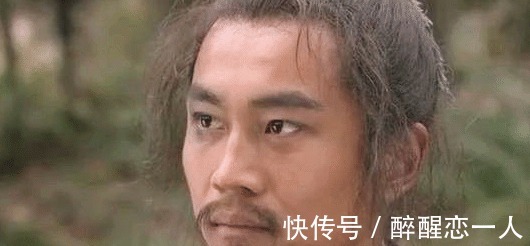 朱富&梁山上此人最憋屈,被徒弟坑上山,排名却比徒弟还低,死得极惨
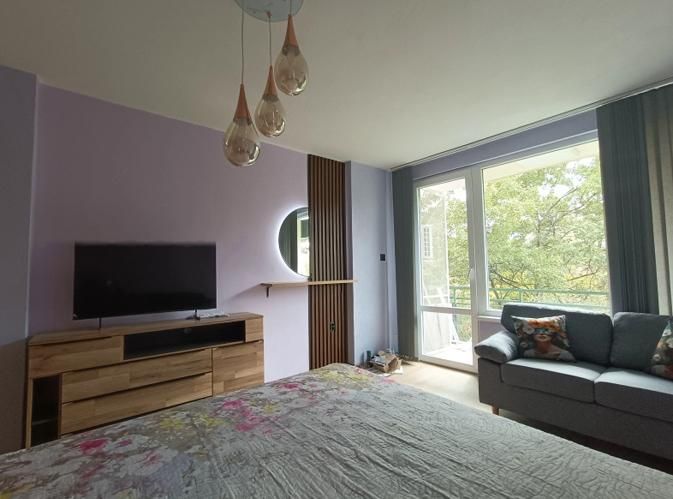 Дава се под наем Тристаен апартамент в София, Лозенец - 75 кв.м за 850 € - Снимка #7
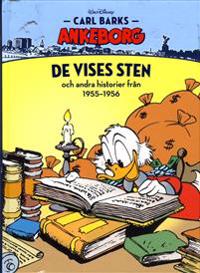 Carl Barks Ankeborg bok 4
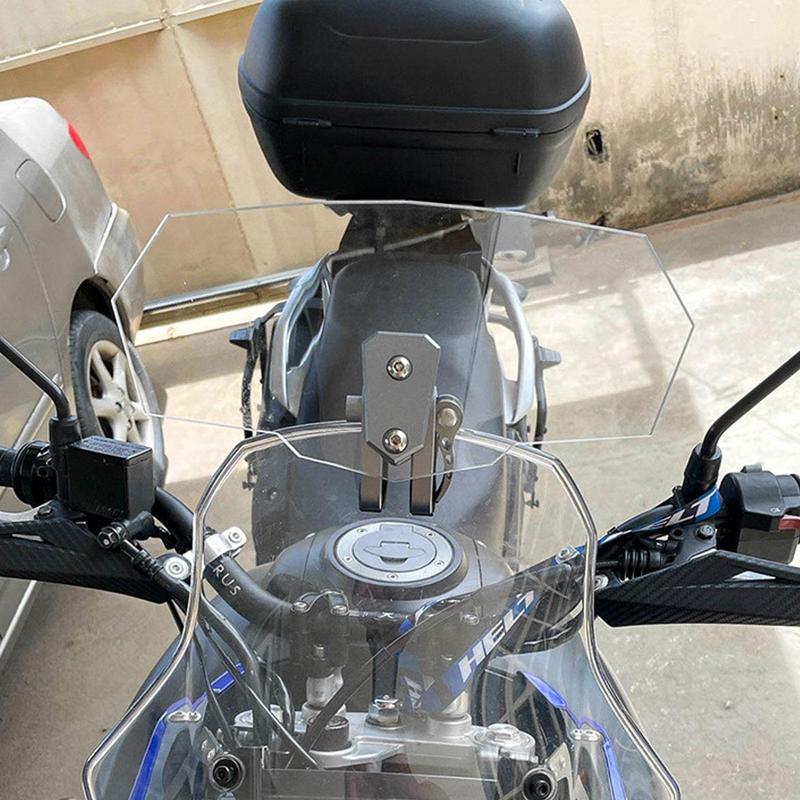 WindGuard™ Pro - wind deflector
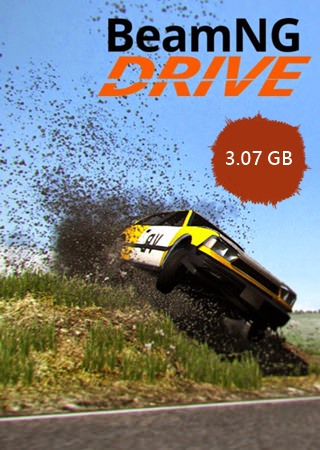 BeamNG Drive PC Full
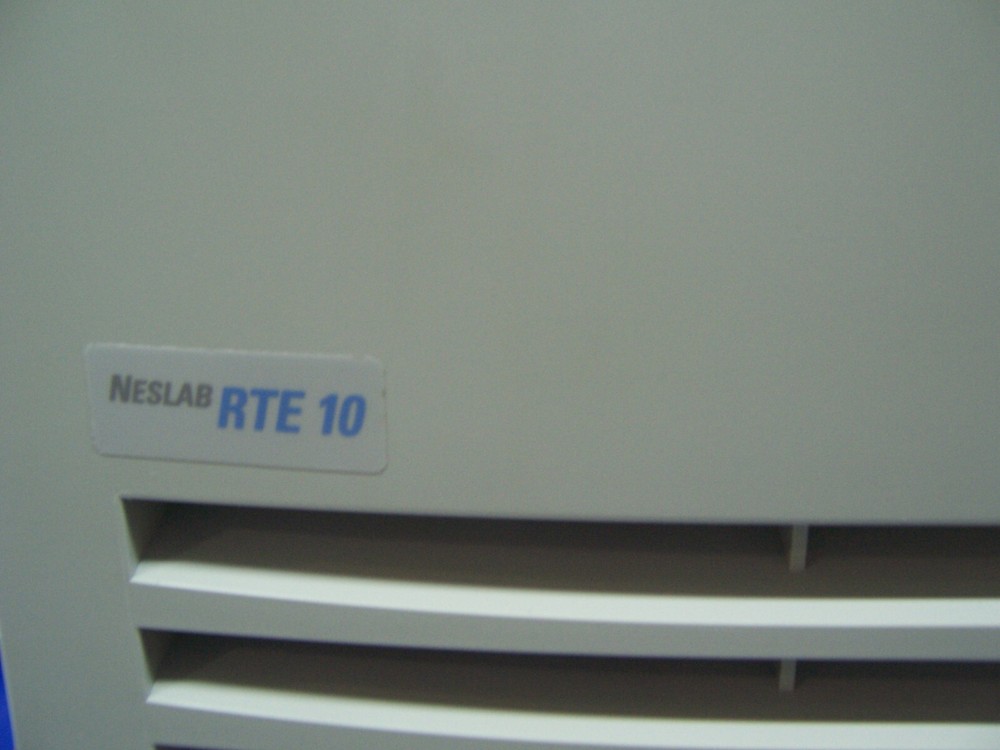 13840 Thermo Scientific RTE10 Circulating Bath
+---+
*Exercise requirements*:
Each line from the one with "BeamNG Drive PC Full" to the final line of the data above is to be printed exactly; no picture should appear in the copy.

*Task result*:
 BeamNG Drive PC Full
 13840 Thermo Scientific RTE10 Circulating Bath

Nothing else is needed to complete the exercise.